EXERCISE> An exact copy of the listing below is required, minus its pictures.
= = =
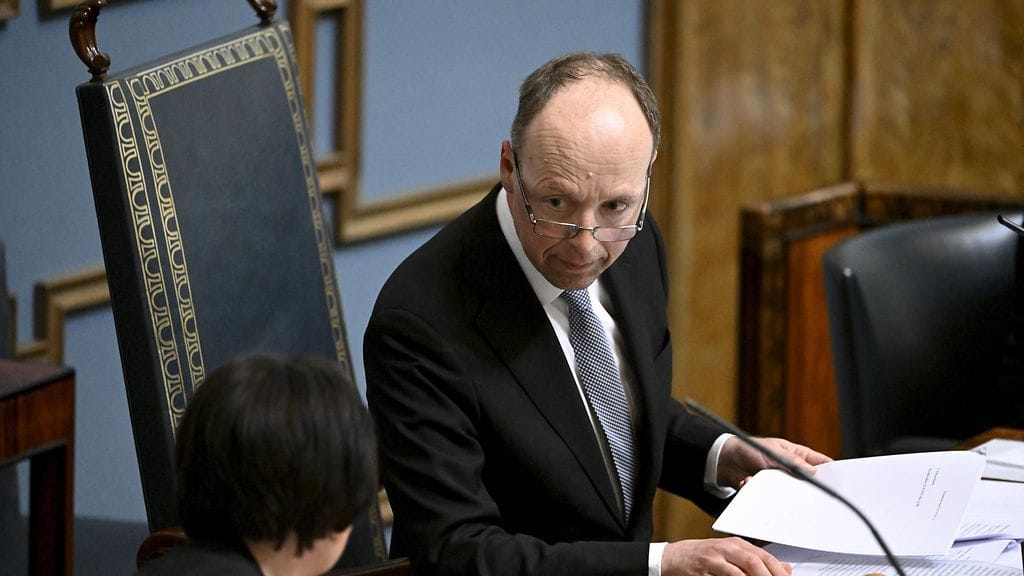 Puhemieheksi valittu Jussi Halla-aho eduskunnan täysistunnossa Helsingissä 21. kesäkuuta 2023.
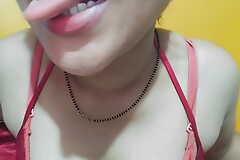 sexy Mumbai girl dancing in hindi famous song watch her nude sexy body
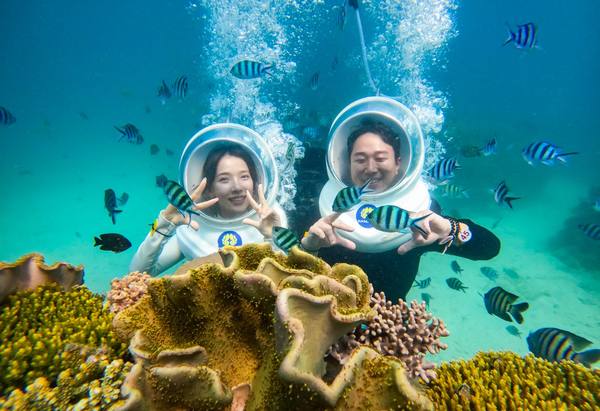 Đi bộ dưới biển Seawalker tại du thuyền san hô Namaste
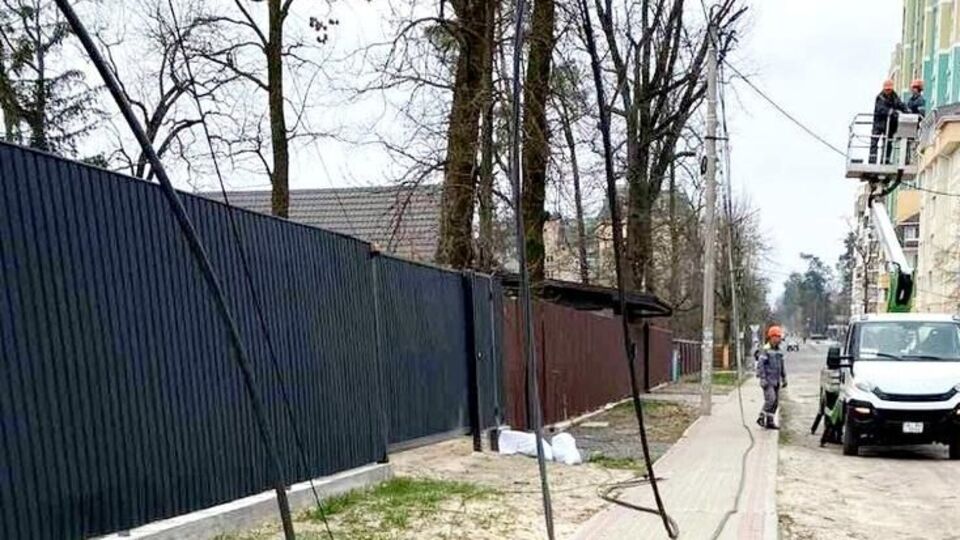 Аварійні бригади ДТЕК і далі відновлюють електропостачання в населених пунктах Київської області, звільнених Збройними силами України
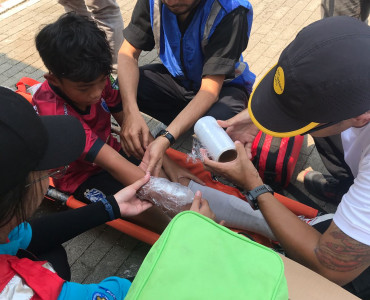 Evakuasi pemain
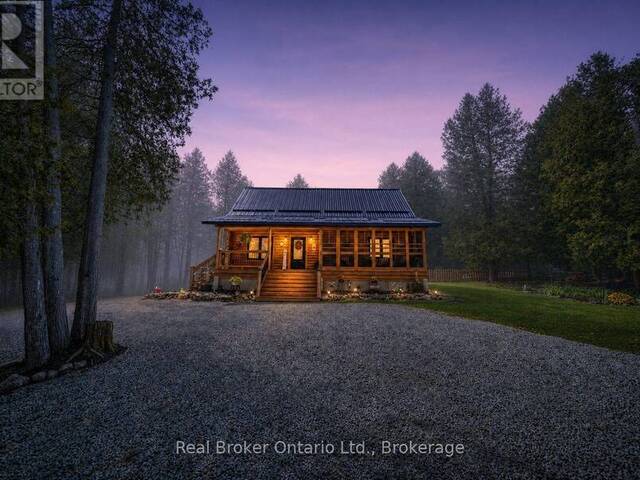 595 STOKES BAY ROAD Lion's Head Ontario, N0H 1W0 - 3 Bedrooms Home For Sale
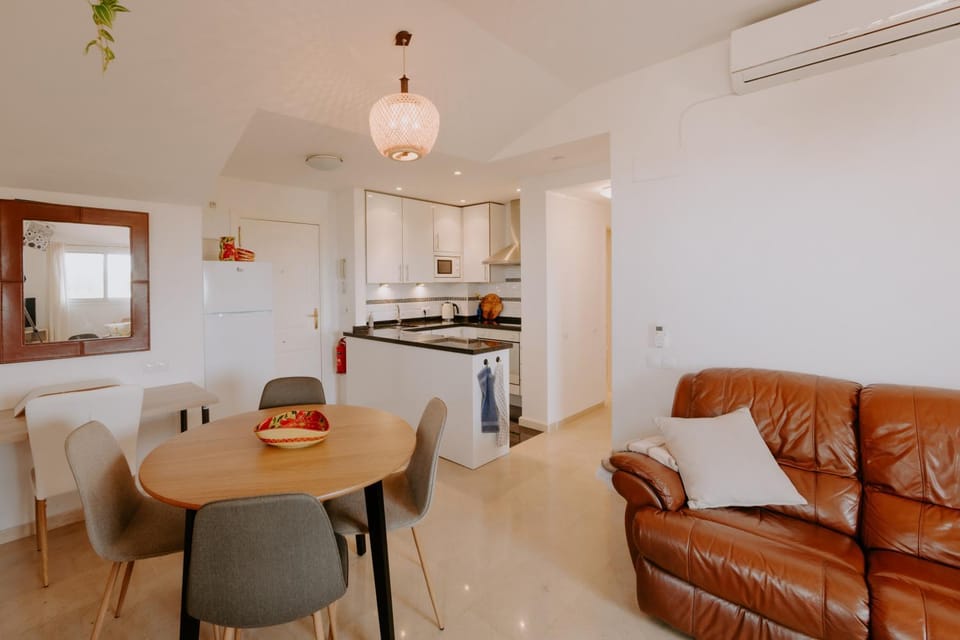 Kitchen or kitchenette, Living room, Dining area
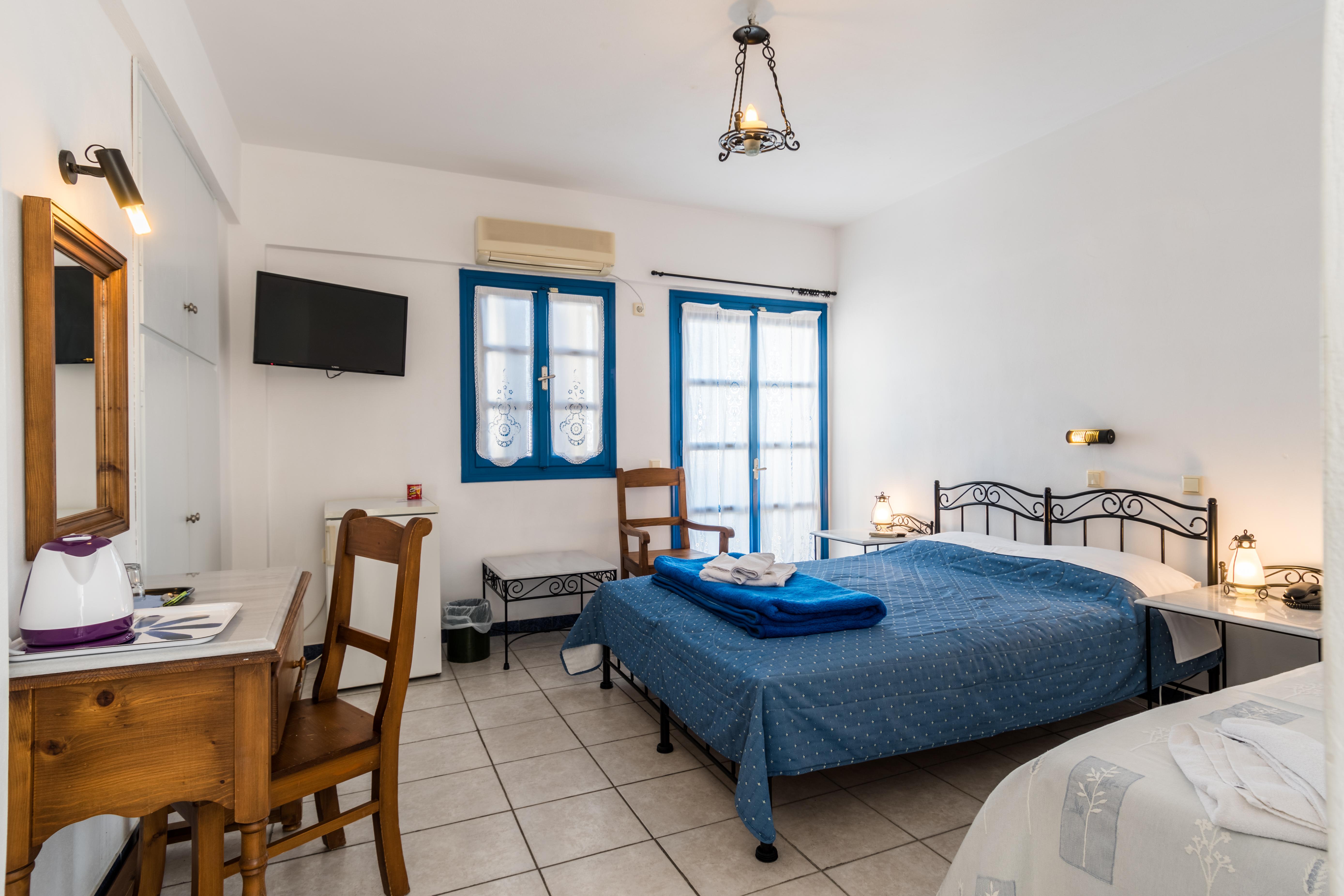 Irigeneia Hotel Perissa  Buitenkant foto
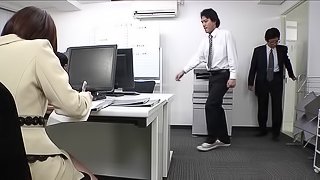 Her boss finger bangs her hairy pussy while at the office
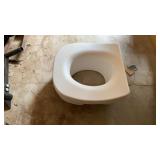 MAKEUP BOX,  CLOTHES HANGERS, SEAT RISER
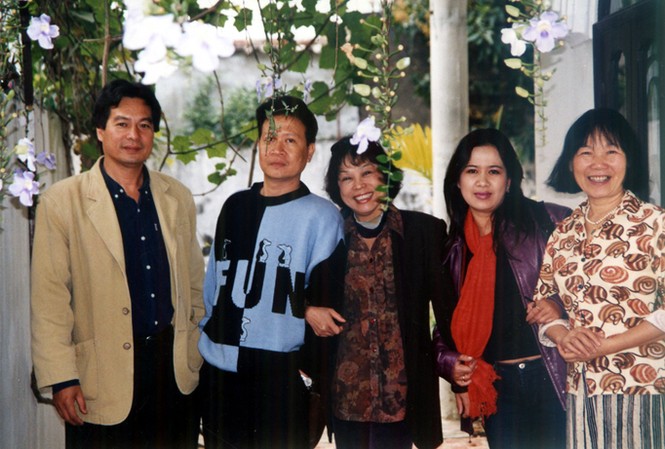 Đoàn Lê - tình người đa đoan Tại nhà Đoàn Lê ở Đồ Sơn, năm 2004. Từ phải qua: Đoàn Lê, Nguyễn Thị Thu Huệ, Nguyễn Thị Minh Thái, Hồ Anh Thái, Đặng Việt Bảo. Ảnh: Yên Ba.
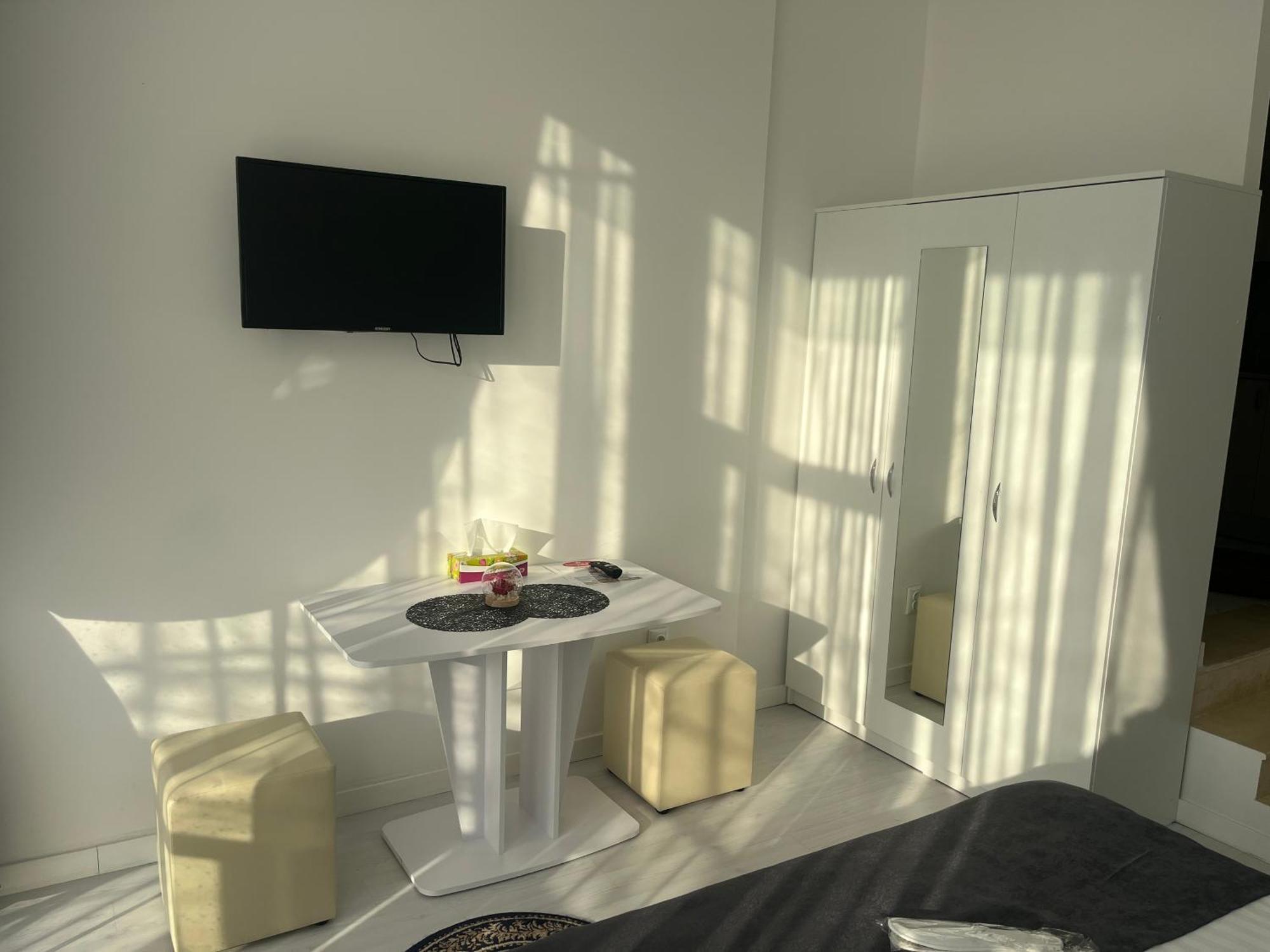 Hotel Palas Grand View Iasi Bagian luar foto
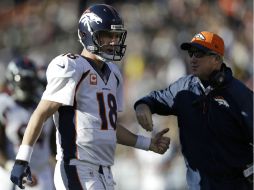 Peyton Manning y John Fox comandaron a los Broncos a una marca de 13-3, la mejor de la Conferencia Americana. AP /
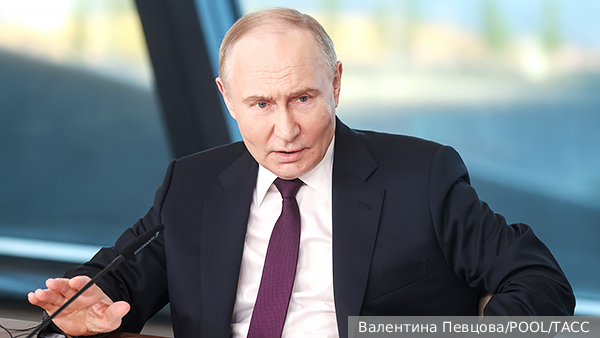 Отец Маска назвал Путина сильным лидером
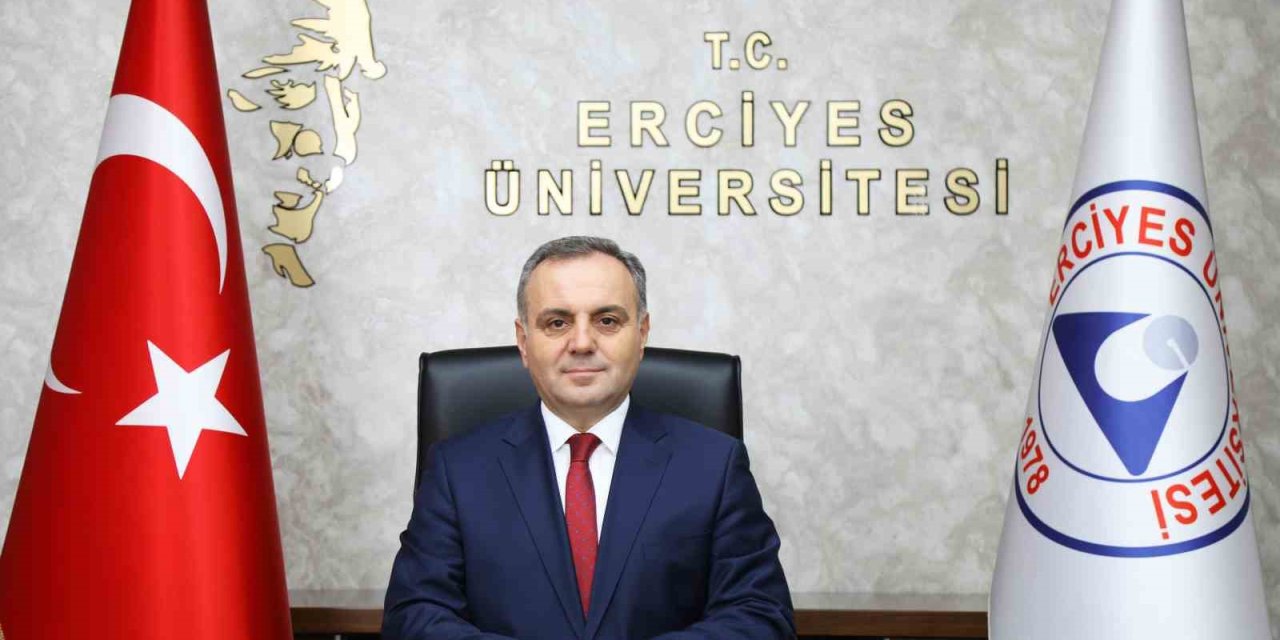 ERÜ Rektörü Prof. Dr. Altun:” Cumhuriyet’in heyecanını ilk günkü gibi yaşamaktayız”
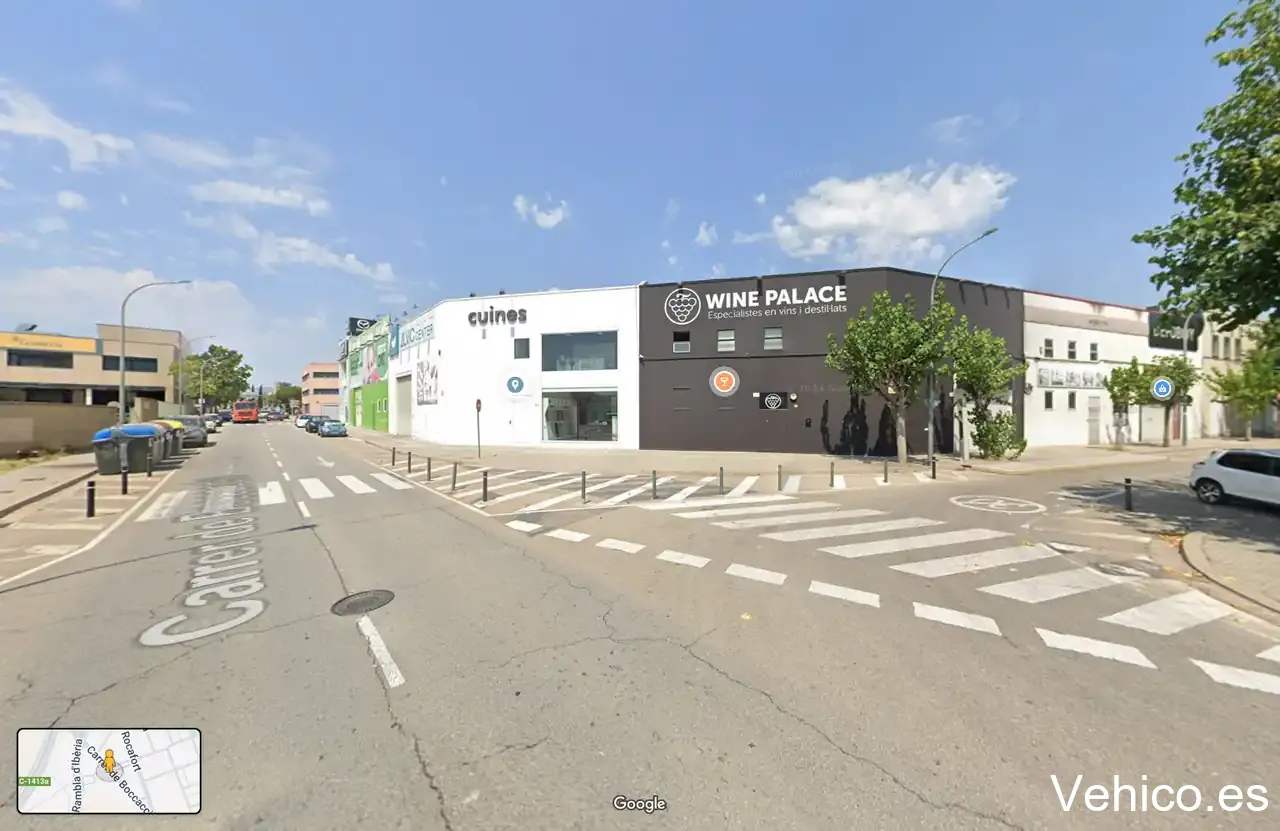 Aparcament de vehicles carrer Bocaccio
= = =
TASK RESPONSE>
 Puhemieheksi valittu Jussi Halla-aho eduskunnan täysistunnossa Helsingissä 21. kesäkuuta 2023.
 sexy Mumbai girl dancing in hindi famous song watch her nude sexy body
 Đi bộ dưới biển Seawalker tại du thuyền san hô Namaste
 Аварійні бригади ДТЕК і далі відновлюють електропостачання в населених пунктах Київської області, звільнених Збройними силами України
 Evakuasi pemain
 595 STOKES BAY ROAD Lion's Head Ontario, N0H 1W0 - 3 Bedrooms Home For Sale
 Kitchen or kitchenette, Living room, Dining area
 Irigeneia Hotel Perissa  Buitenkant foto
 Her boss finger bangs her hairy pussy while at the office
 MAKEUP BOX,  CLOTHES HANGERS, SEAT RISER
 Đoàn Lê - tình người đa đoan Tại nhà Đoàn Lê ở Đồ Sơn, năm 2004. Từ phải qua: Đoàn Lê, Nguyễn Thị Thu Huệ, Nguyễn Thị Minh Thái, Hồ Anh Thái, Đặng Việt Bảo. Ảnh: Yên Ba.
 Hotel Palas Grand View Iasi Bagian luar foto
 Peyton Manning y John Fox comandaron a los Broncos a una marca de 13-3, la mejor de la Conferencia Americana. AP /
 Отец Маска назвал Путина сильным лидером
 ERÜ Rektörü Prof. Dr. Altun:” Cumhuriyet’in heyecanını ilk günkü gibi yaşamaktayız”
 Aparcament de vehicles carrer Bocaccio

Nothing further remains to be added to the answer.